Ainsi La Nuit de décembre avait répondu au Journal de George. Dans la nouvelle Lélia, George répondit à la Nuit. Que fit alors Musset ? Donna-t-il à entendre que l'on se méprenait, ainsi que l'eût voulu la thèse de son frère ? Mais point du tout. Les juges du camp purent voir, au contraire, que le duel continuait, car l'auteur de la Nuit répliquait à son tour dans l'Histoire d'un merle blanc par les dix lignes d'épigrammes dures et blessantes dont l'intention fut admise par tous : « Aucun effort ne coûtait à son esprit, aucun tour de force à sa pudeur ; il ne lui arrivait jamais de rayer une ligne, ni de faire un plan avant de se mettre à l'œuvre. C'était le type de la merlette lettrée… »

En voilà assez non seulement pour fixer l'attribution du poème contesté mais pour établir la constance de l'obsession et des rancunes : nul point d'honneur de famille ou de clan n'en saurait détruire le fait ; à quoi bon d'ailleurs, pourquoi faire ? Le pardon théorique fut certes très sincère, mais, homme ou femme, on oublie peu, surtout son mal. Haeret et angit, dit Lucrèce 10.

IV

Certains amis de madame Sand qu'il serait légitime d'appeler politiques, puisqu'ils défendaient en elle la muse de la Révolution et du Romantisme, ont cru pouvoir tirer de la Correspondance publiée par M. Decori je ne sais quel argument contraire à ma version des fautes de George. Ils ont mal lu nos textes.
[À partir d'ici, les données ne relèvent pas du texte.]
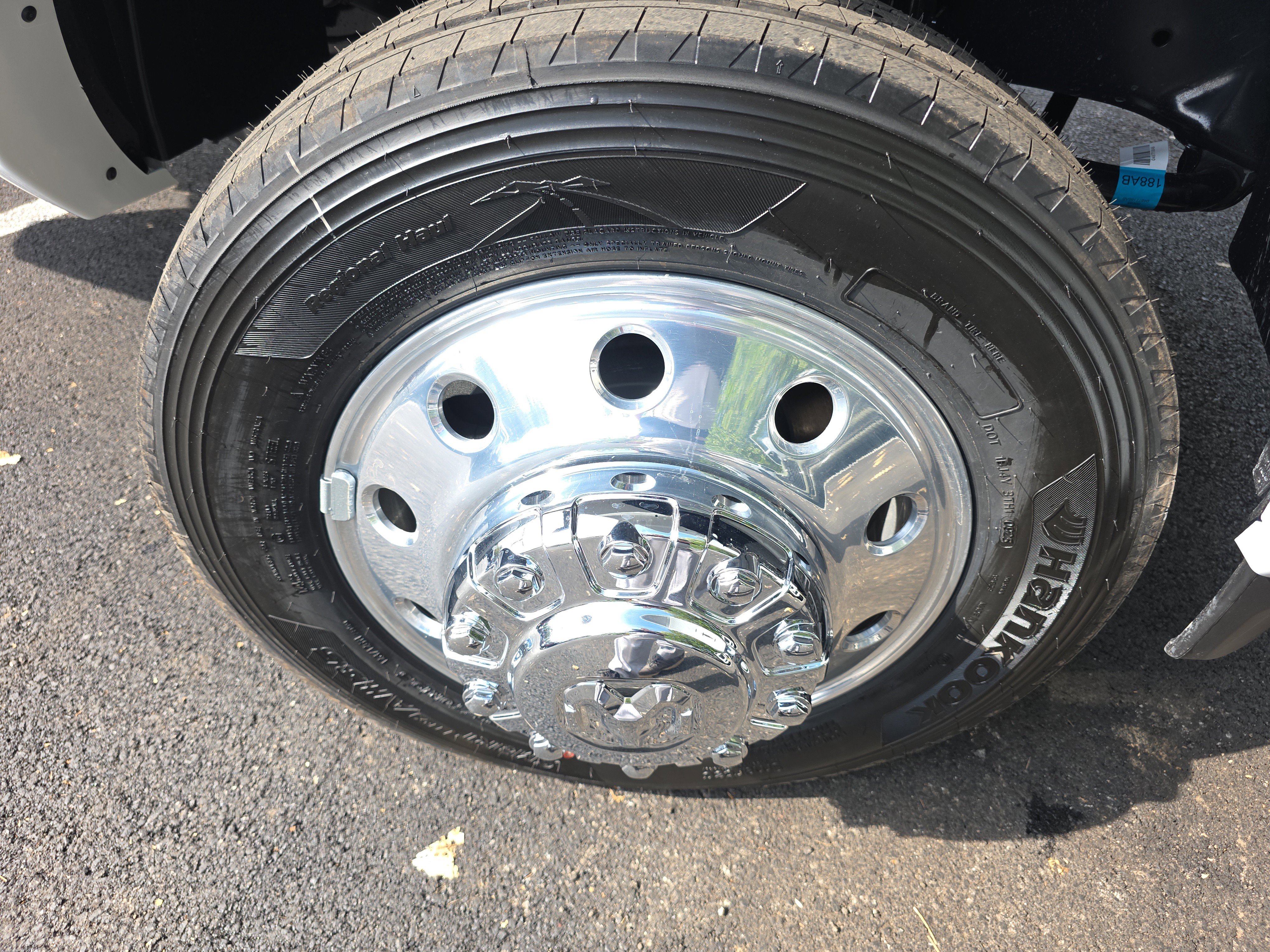 New 2026 RAM 5500 4x4 Regular Cab image 24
Une phrase (page 161 de la Correspondance) dont ils ont prétendu arguer, comme d'une nouveauté inédite, se trouvait citée en toutes lettres par moi 11. Cela démontrerait leur légèreté passionnée si, dès l'apparition des Amants, la preuve n'en eût été faite, imprimée toute vive par un de leurs agents.
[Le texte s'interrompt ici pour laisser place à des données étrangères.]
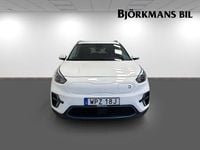 Begagnad Kia e-Niro Advance 150 kW (204 HK) 2021 /ud/ clear white s SUV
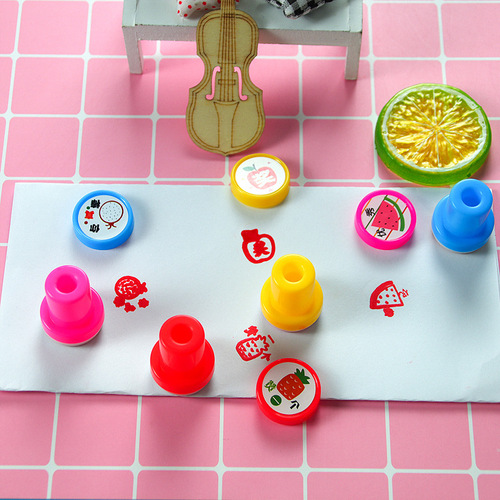 Small reward seals for children, kindergarten encouragement and praise seals, teacher comment seals with cute cartoon expressions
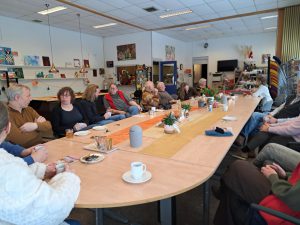 Geslaagde nieuwjaarskoffie in Ontmoetingscentrum Beumerskamp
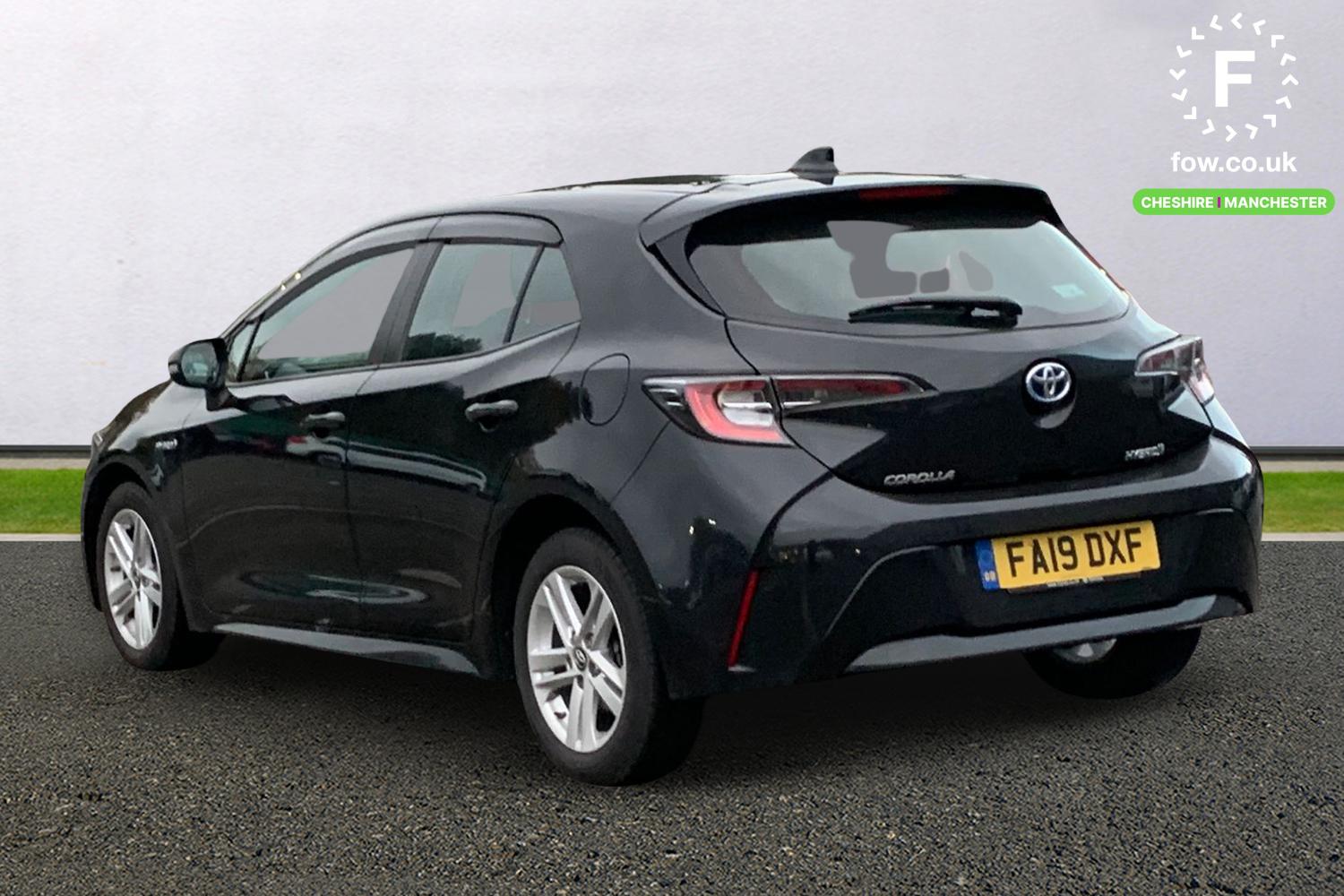 Used Toyota Corolla 2019 for sale - 76515980: Photo 2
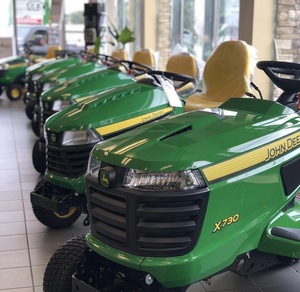 Tractor Cortacésped John Deere X950R de 25hp para Jardín con Recolector de Alta Capacidad en Oferta - Product Image 5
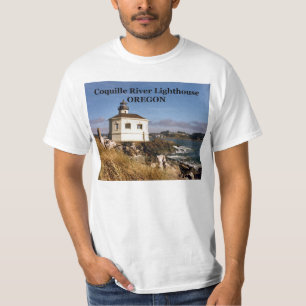 Coquilleの川の灯台、オレゴンのTシャツ Tシャツ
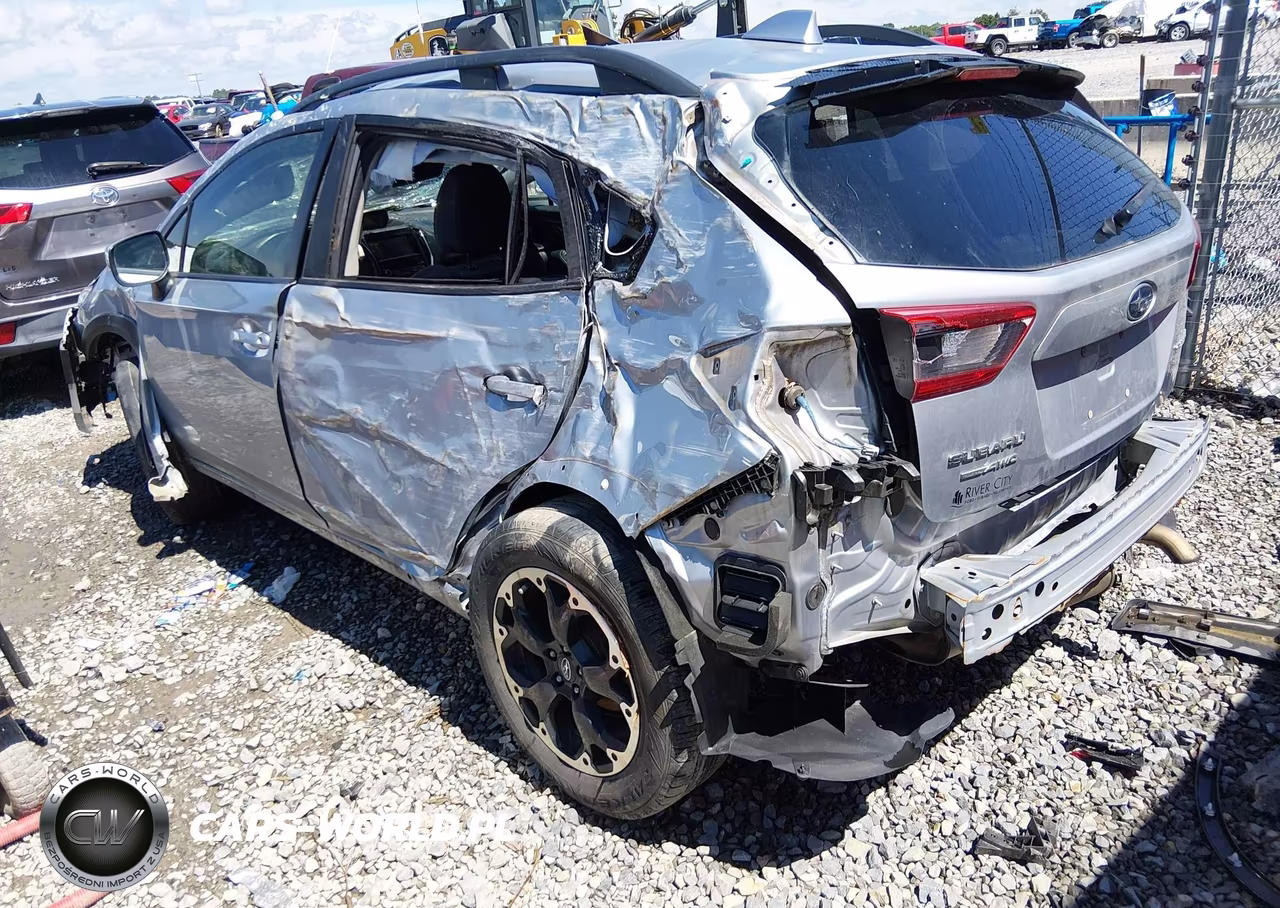2021 Subaru Crosstrek Premium VIN:JF2GTAPC8M8258111 - 3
Ce sandiste intéressé avait mandat de me convaincre de fantaisie. Mais les seules articulations qu'il ait consenti à préciser furent malheureuses. Il n'est pas inutile de les citer. Elles aideront à comprendre quels semblants et quels simulacres usurpent le nom de critique littéraire sous le règne d'une prétendue liberté d'esprit asservie à des intérêts.

La première objection distincte qui fut faite porte sur le petit problème de la signification des mots En Morée. On n'a peut-être pas oublié que, tout en haut de la feuille sur laquelle madame Sand écrivait la fameuse déclaration à Pagello, sont inscrits, comme un titre, ces deux mots qui ne présentent aucun rapport avec le sujet. J'avais écrit :

Pourquoi « En Morée » ? La Morée a été possession vénitienne. Est-ce une allusion à quelque anecdote de Pagello ? Avait-on projeté un voyage en Morée ou ne s'agissait-il que de la Morée de Byron, et cela voulait-il signifier l'embarquement pour un amour sauvage, violent et primitif comme on en prêtait aux populations de la Grèce moderne ? Serait-ce encore un anagramme d'En Amore ? Ou faut-il lire Enamorée ? »

Sur quoi, mon critique se mit à sautiller comme un jeune animal : « Voilà-t-il pas de merveilleuses conjectures? M. Maurras les exprime seulement parce que cela lui plaît. »

Mais non. Je les ai recueillies par déférence pour l'opinion des critiques italiens et français qui ont traité le sujet. De ces diverses conjectures, la première appartient à M. Raphaël Barbiera, la seconde au docteur Cabanès et la troisième à M. Félix Franck. Or il en reste une quatrième que mon critique appelle « une réflexion de bon sens qui vaut mieux que tout ». La voici :

Il sera plus simple de croire que les deux mots étaient déjà inscrits en tête de la feuille quand George la saisit pour y consigner ses aveux.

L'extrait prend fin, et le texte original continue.